To be fair, plenty of those outside of packaging would also think it was a bug if it didn’t, to, because it would almost inevitably mean such a tool would likely only adequately be able to serve the large and varied range of requirements, use cases and application domains that the Python tools do as the most prominent “glue language” out there right now, and popular in a variety of very distinctdomains (web, science, scripting, AI, applications, CLI tools, sysadmin, education, etc).

Its hard to imagine a single tool being able to span all the way from making pure-Python library packaging as simple and trivial as possible for non-experts (Flit), to implementing novel PEP 582-inspired packaging concepts (PDM) to application packaging (Ppipenv/Poetry) to platform-specific deployment (Pyinstaller, Py2App/Exe) to building C, C++ and Fortran-compiled binaries and extensions with CMake (Scikit-Build) or Meson (Meson-Python), to building Rust-based Python packages (Maturin) to deploying WASM browser/NodeJS applications (Pyodide) to packaging for supercomputing clusters (Spack). Is there another modern ecosystem that spans this wide a gamut when it comes to the requirements of their packaging space?

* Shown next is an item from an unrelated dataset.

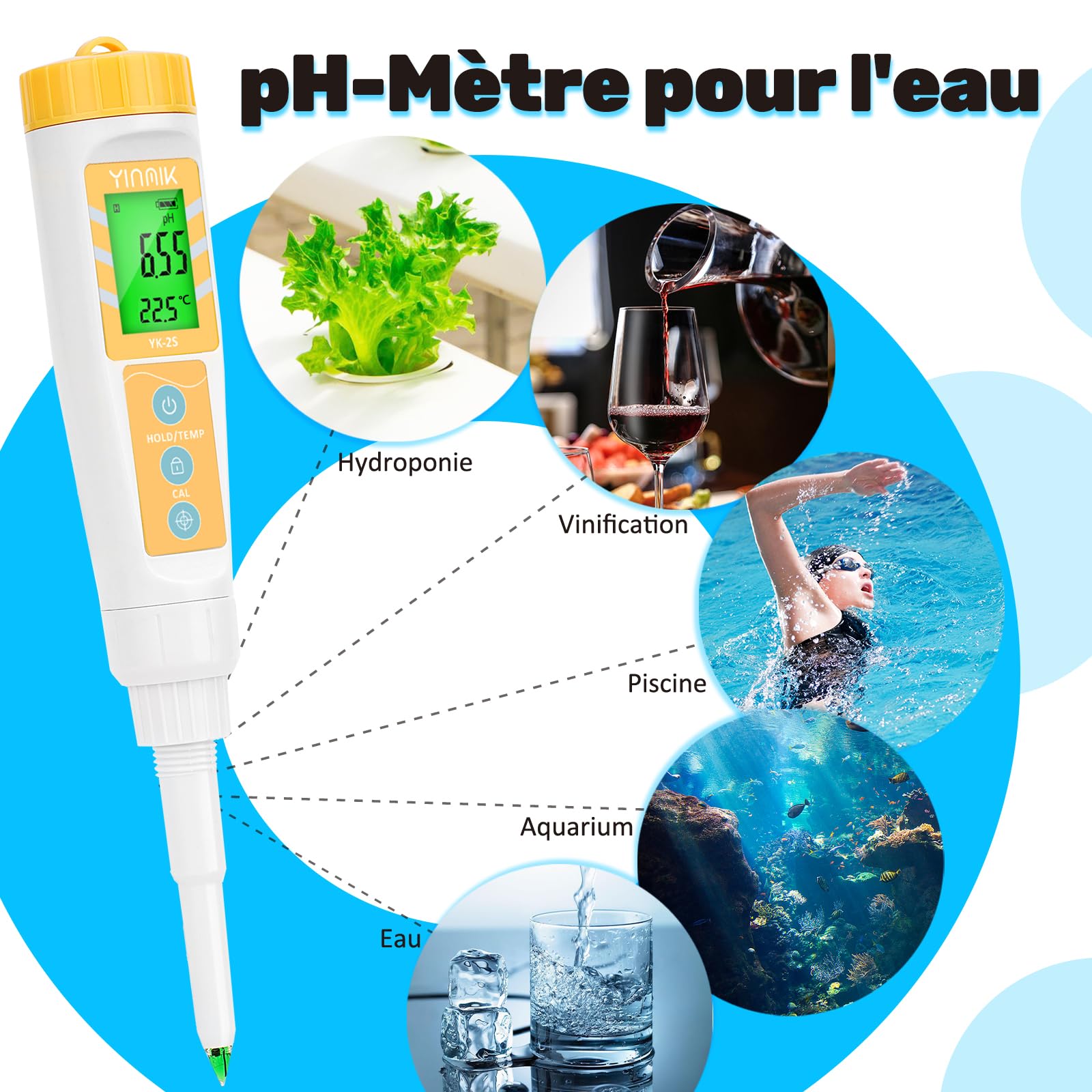 pH Mètre Alimentaire, Testeur de pH pour Pâte à Pain et Levain | pH Mètre Numérique pour Fermentation, pH-Mètre Étanche pour Brassage,Viandes, Fromages, Cosmétique, Conserve, Liquide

There’s certainly a lot we can do to improve the situation, as is being discussed on various other more appropriate threads, and in an ideal world, the optimal number of tools to cover these use cases would be a good deal less than we have (and they would integrate more tightly, i.e. this proposal, and with clearer documentation making it clear which users should choose, etc.). However, given the requirements above, it’s hard to argue that optimal number could realistically be “one”.

4 Likes

I do not disagree with you,[1] and I wasn’t necessarily passing judgement on the situation. But from a user-facing perspective, when the very reasonable question “Why can we not have a lock file like so many other languages?” [2] is met with the answer “because we have N distinct ways to build and distribute packages”, that does not sound like such a good thing.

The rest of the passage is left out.